▶ Exercise objective
Word for word, repeat the data; no picture should appear in the result.

▶ Given data
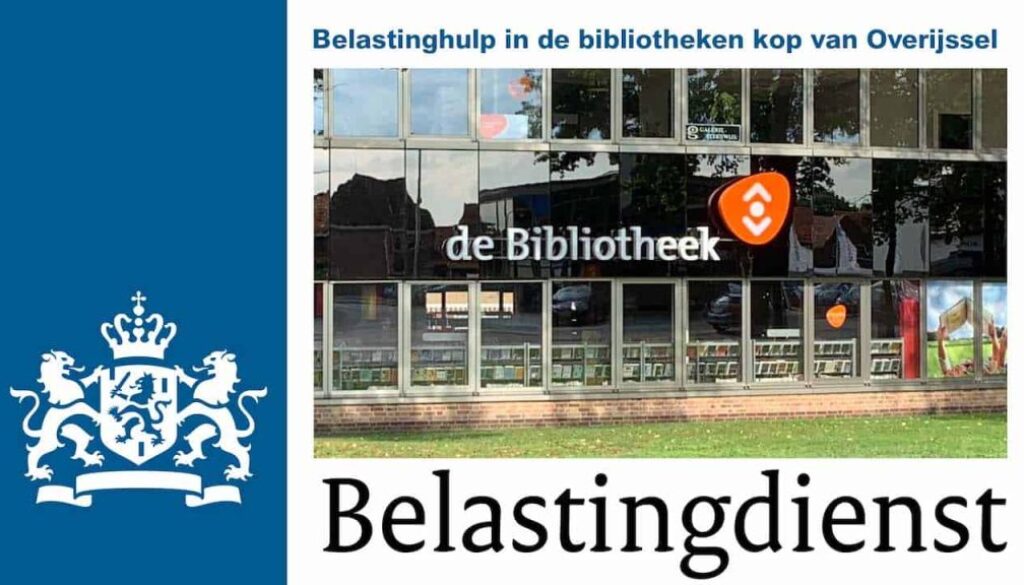 Belastinghulp-bib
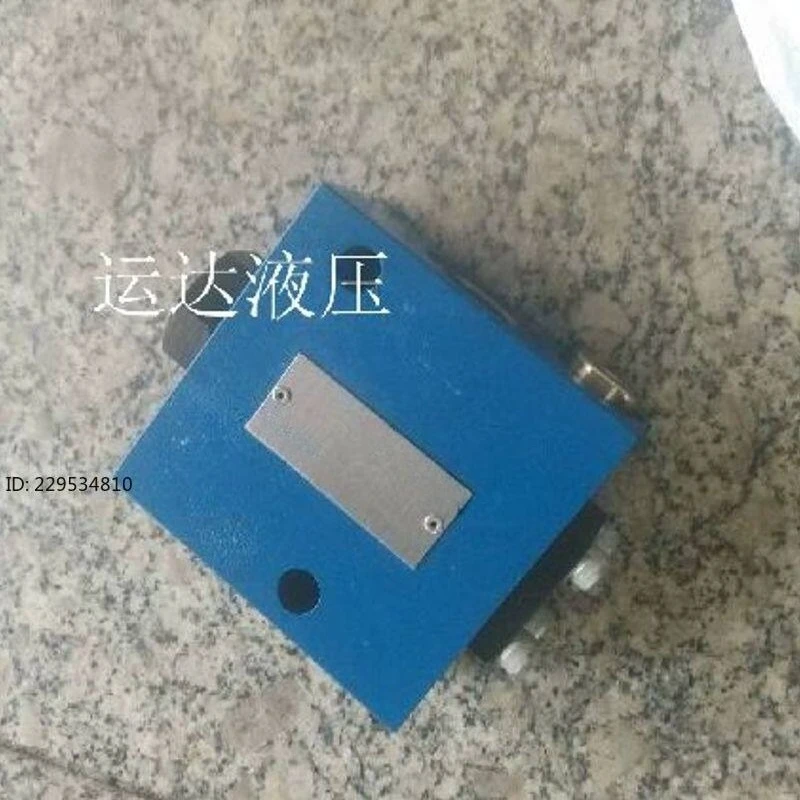 Tubular hydraulic control check valve, cylinder pressure retaining valve check hydraulic lock SV10GA1-40B/2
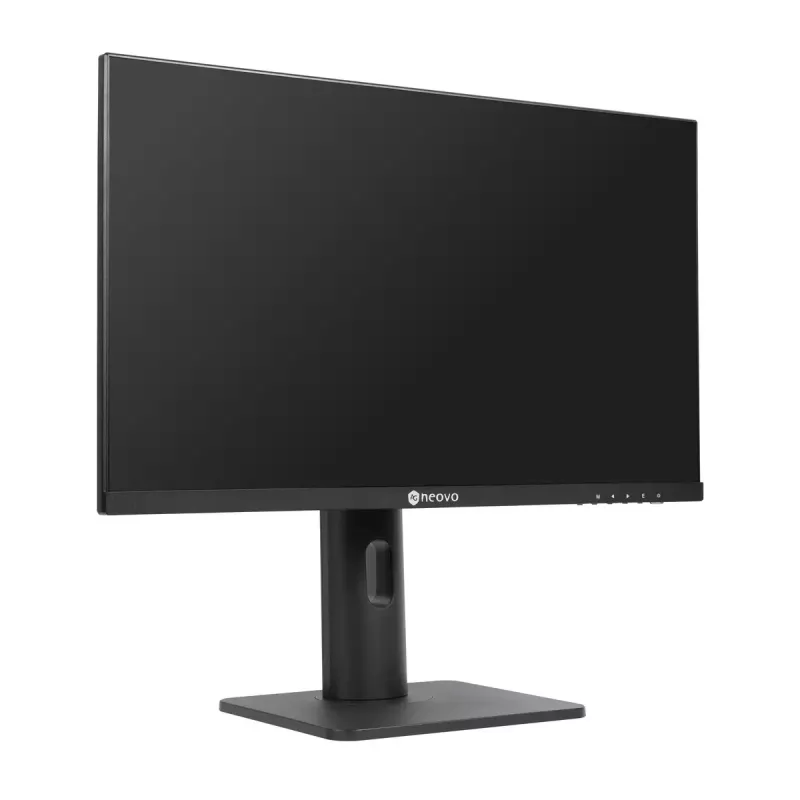 AG Neovo LH-2703 monitor komputerowy 68,6 cm (27 cali) 1920 x 1080 pikseli Full HD LCD czarny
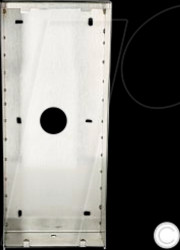 232 285 Weatherproof housing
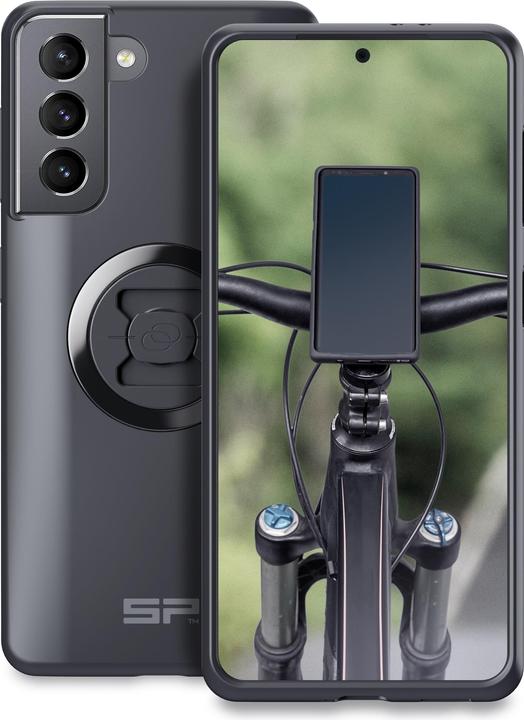 Actual product image Sp Connect phone case (Samsung Galaxy S10+)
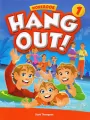 Hang Out 1 ćwiczenia + CD Rom - tantis.pl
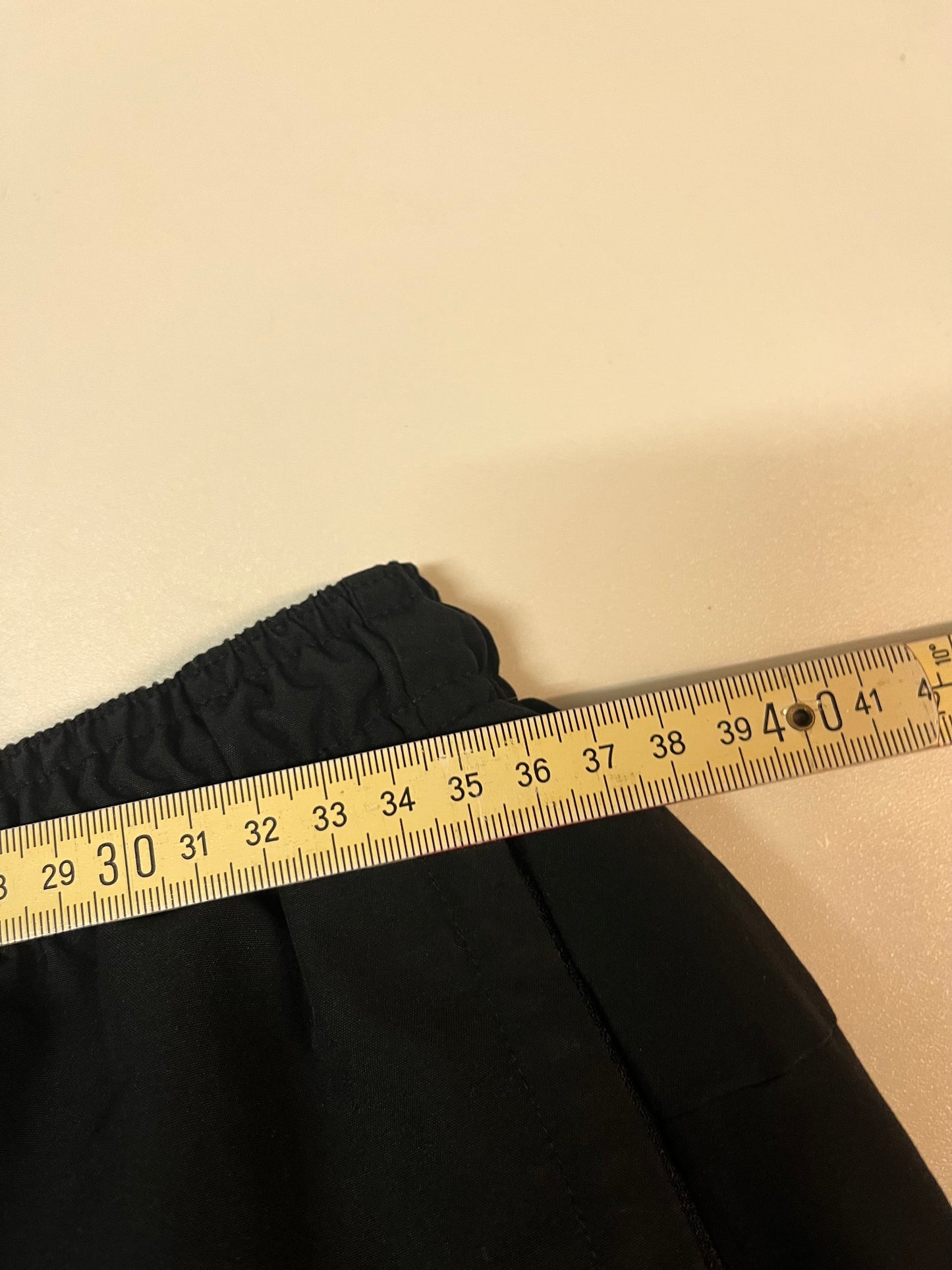 Adidas Vintage Trackpants L baggy 4465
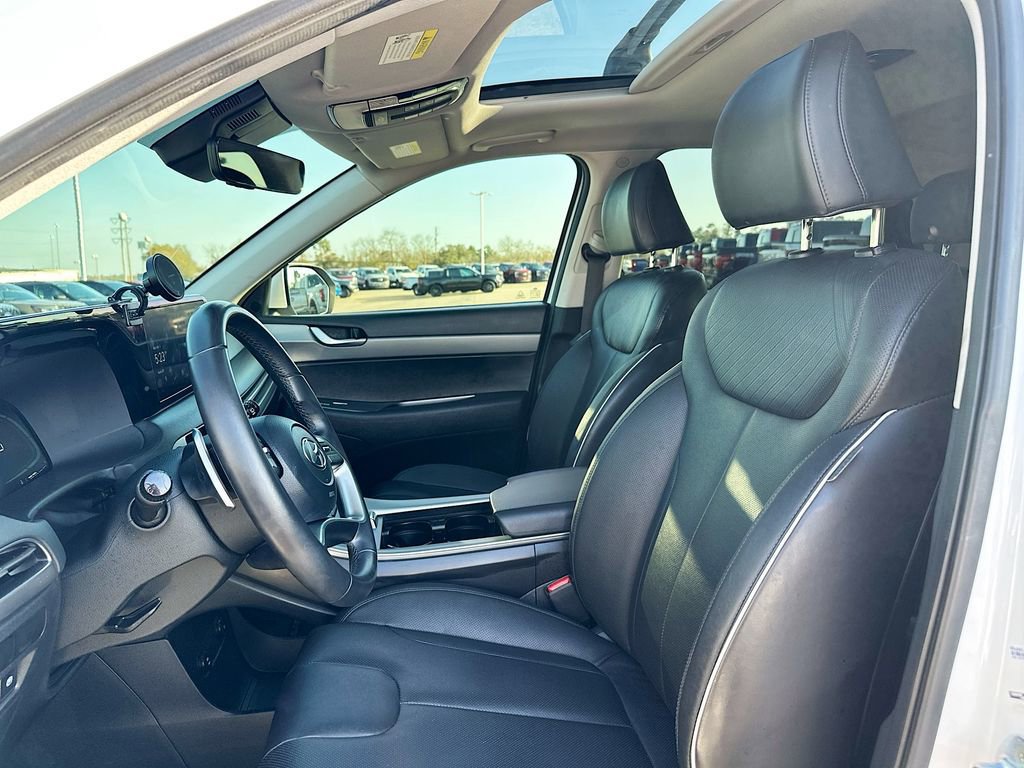 Used 2023 Hyundai Palisade XRT w/ Cargo Package image 9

▶ Problem solution
 Belastinghulp-bib
 Tubular hydraulic control check valve, cylinder pressure retaining valve check hydraulic lock SV10GA1-40B/2
 AG Neovo LH-2703 monitor komputerowy 68,6 cm (27 cali) 1920 x 1080 pikseli Full HD LCD czarny
 232 285 Weatherproof housing
 Actual product image Sp Connect phone case (Samsung Galaxy S10+)
 Hang Out 1 ćwiczenia + CD Rom - tantis.pl
 Adidas Vintage Trackpants L baggy 4465
 Used 2023 Hyundai Palisade XRT w/ Cargo Package image 9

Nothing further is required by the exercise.